→ **Records provided**:
::::

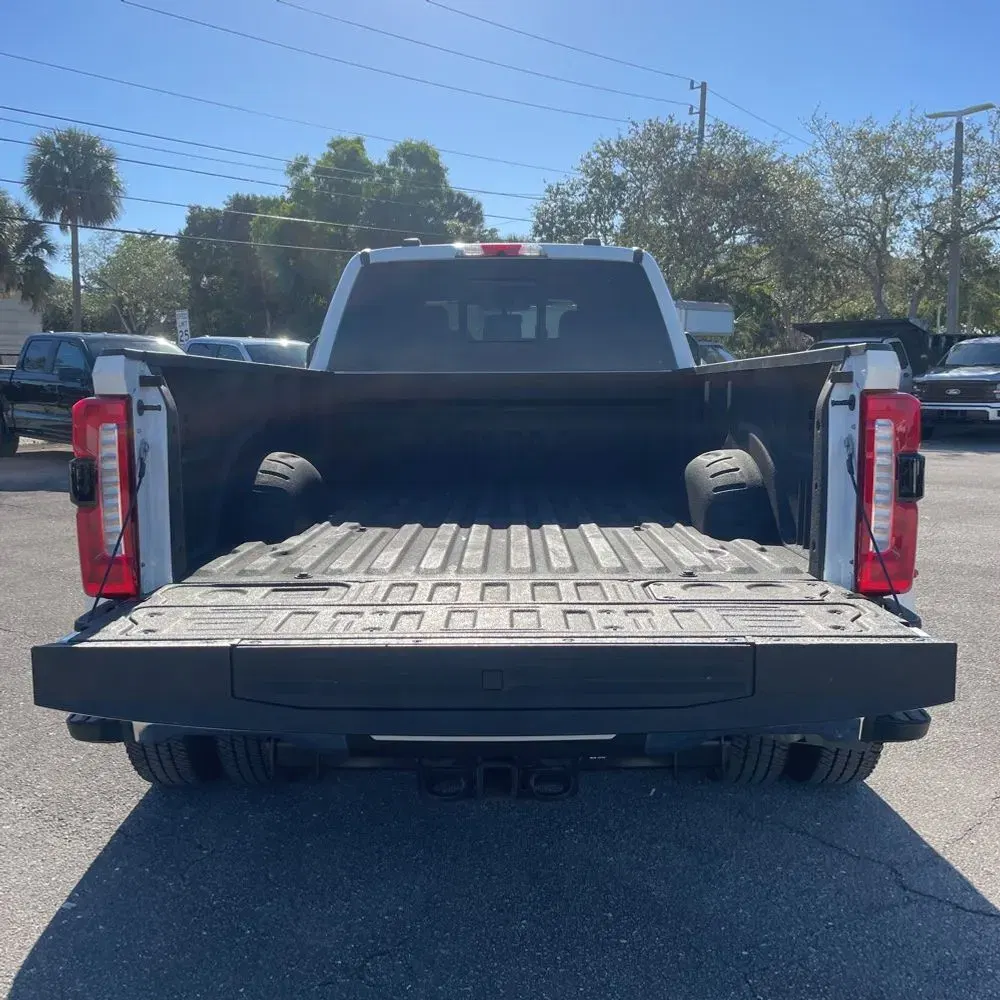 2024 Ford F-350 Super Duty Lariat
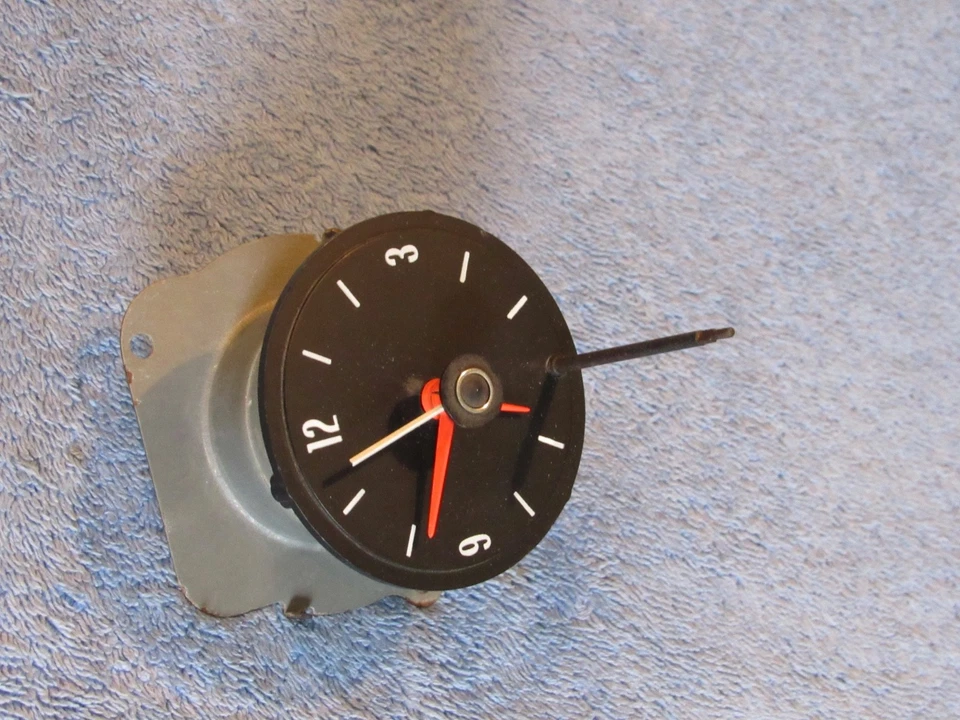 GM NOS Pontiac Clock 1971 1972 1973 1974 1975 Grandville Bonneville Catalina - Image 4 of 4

::::

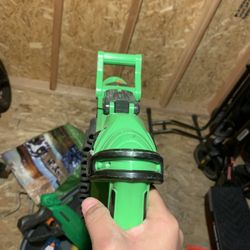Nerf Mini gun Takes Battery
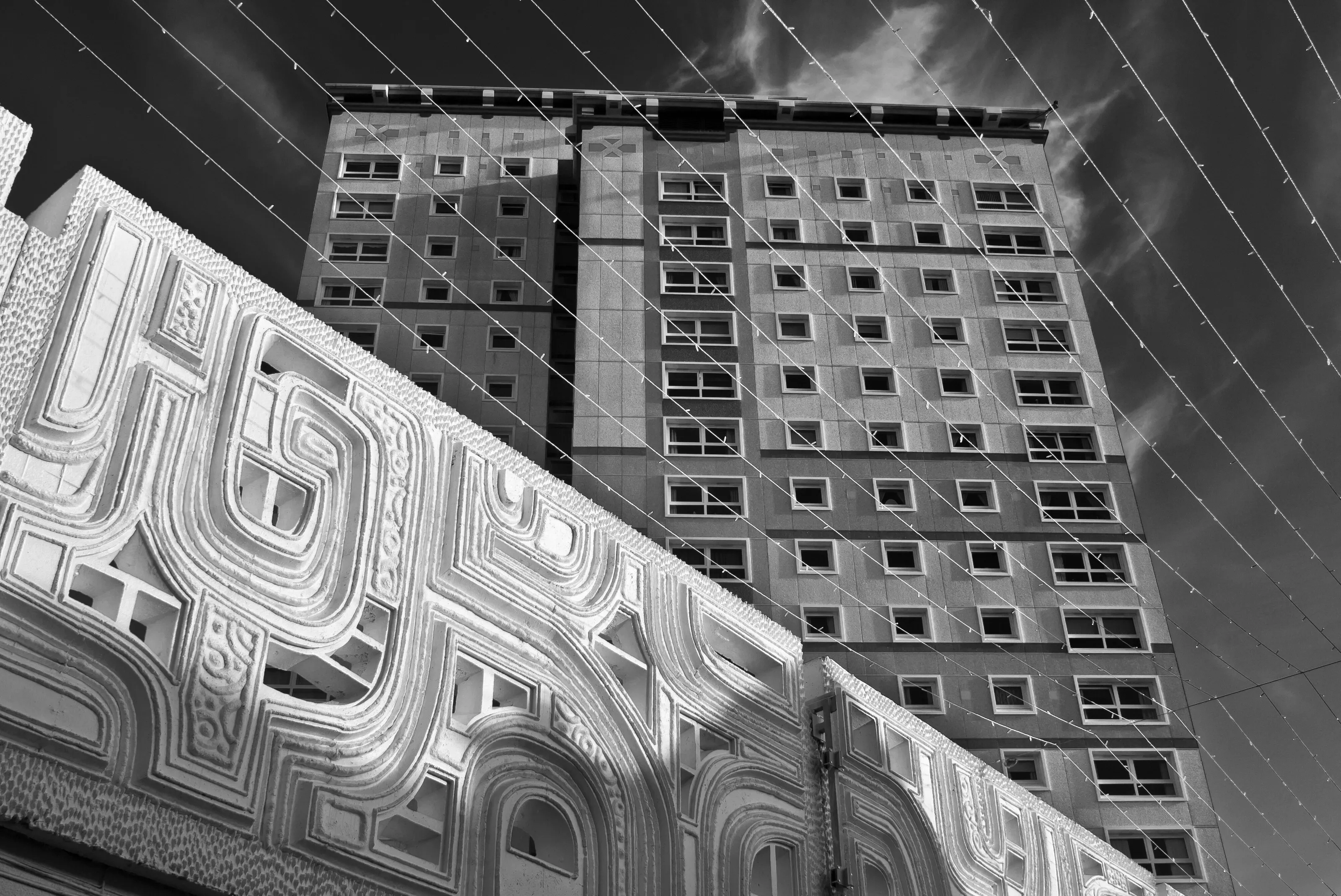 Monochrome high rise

::::

→ **Aim of the exercise**:
In the listing above, find the line with "2024 Ford F-350 Super Duty Lariat" and the line with "GM NOS Pontiac". Copy exactly those lines and all between them, minus the images.

→ **Response to this task**:
 2024 Ford F-350 Super Duty Lariat
 GM NOS Pontiac Clock 1971 1972 1973 1974 1975 Grandville Bonneville Catalina - Image 4 of 4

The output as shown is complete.